The highlights (in stream-of-consciousness order):
- A doctor came to talk to us about all the possible diseases we could get. I really appreciated the fact that she was brisk and humorous in her presentation, trying to inform us without scaring us too much. There was a point at which she was skipping through diseases that we were less likely to get. One of the categories was “Plagues” and one of the items was bubonic plague. She mentioned that it hadn’t been so popular in the last few years, so she didn’t think we should be too worried. Wow. Of all the things I was worried about, bubonic plague hadn’t been one of them…
- USIEF engaged Dr. Himanshu Pande, an amazing professor from JNU to talk to us about the Indian economy. I was riveted the whole time. It seemed like he was extemporizing, explaining things in a very straightforward and intuitive way. I really feel like I understand now how a lot of the things I know about India fit together.

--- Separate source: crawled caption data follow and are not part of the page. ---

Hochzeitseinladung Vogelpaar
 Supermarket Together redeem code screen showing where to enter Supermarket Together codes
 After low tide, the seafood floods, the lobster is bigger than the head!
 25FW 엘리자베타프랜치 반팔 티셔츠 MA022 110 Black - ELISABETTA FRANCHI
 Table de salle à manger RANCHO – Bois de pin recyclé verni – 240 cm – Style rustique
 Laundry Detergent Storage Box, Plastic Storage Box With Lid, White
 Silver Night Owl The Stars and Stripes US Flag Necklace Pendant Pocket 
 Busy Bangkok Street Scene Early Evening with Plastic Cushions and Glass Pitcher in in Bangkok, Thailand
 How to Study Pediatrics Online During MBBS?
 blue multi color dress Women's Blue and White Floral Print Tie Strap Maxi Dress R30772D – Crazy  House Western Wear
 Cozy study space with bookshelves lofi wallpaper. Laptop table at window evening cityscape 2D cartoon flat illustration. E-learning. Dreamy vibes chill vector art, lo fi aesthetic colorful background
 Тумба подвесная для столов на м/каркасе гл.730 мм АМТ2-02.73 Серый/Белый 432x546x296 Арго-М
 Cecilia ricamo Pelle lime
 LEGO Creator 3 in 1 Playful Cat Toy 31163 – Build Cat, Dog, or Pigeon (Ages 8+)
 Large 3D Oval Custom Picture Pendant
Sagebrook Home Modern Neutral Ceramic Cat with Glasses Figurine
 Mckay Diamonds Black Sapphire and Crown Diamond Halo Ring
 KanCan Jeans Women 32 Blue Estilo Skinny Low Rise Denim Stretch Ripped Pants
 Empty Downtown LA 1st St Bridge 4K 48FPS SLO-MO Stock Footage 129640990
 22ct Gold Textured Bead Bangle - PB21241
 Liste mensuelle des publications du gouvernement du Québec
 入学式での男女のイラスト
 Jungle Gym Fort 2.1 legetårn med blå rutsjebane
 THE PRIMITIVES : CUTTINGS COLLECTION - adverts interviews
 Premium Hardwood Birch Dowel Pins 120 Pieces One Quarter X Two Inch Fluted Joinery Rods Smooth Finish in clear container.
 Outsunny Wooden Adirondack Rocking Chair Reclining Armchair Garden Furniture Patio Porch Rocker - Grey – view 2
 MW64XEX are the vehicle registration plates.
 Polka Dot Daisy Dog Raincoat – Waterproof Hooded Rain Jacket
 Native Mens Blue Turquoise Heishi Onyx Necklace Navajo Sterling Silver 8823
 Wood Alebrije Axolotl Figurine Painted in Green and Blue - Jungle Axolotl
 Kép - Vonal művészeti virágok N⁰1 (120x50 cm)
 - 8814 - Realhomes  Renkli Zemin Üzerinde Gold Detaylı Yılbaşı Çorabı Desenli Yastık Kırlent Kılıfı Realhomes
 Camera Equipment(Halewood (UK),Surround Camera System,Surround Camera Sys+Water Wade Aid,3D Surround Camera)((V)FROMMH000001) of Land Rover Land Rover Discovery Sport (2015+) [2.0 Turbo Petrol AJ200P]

- The orientation was in the Taj Mahal Hotel, where we are staying, overlooking the entire city of Delhi. I will take pictures before I leave. It was incredible.
- Also, I wish I could convey how amazing the food tasted. Every dish just had so much more flavor than anything I remember having tasted for a long time. I am not normally so attentive to the flavors of my food, but maybe that was because I was not aware such food existed until now. And the tea…
- After the first day of orientation, we were whisked off to a dinner reception at the house of the PAO (I wish I remembered what this stood for…). It was definitely an important official who had an incredible house, and put out an amazing spread for us. Of course, because I was anticipating buying clothes in Delhi, I only had very casual clothes, and I may or may not have worn exercise pants to this occasion, though they were well hidden by a stray, un-ironed kurti I found in my suitcase. Luckily many of the other Fulbrighters were in a similar situation, but I can’t help wondering what the PAO thought of us…!
- Three of the Fulbrighters who are still here from last year’s group had many interesting tips. Among them were a variety of ways to refuse food. One of the more surprising ways was to tell your host that you were fasting from that food on that day (to avoid possible confusion if they saw you later, eating that food). So for example, you would say, “I’m so sorry, but I fast from citrus fruits on tuesday afternoons,” instead of, “I don’t want that orange.”
- Also, as a way to get out of answering invasive personal questions about your relationship, she suggested giving a jaw-dropping horrified look instead of trying to say anything. Again, completely counter-intuitive for Americans, but I can see how Indians would back off fearing offense more than Americans would.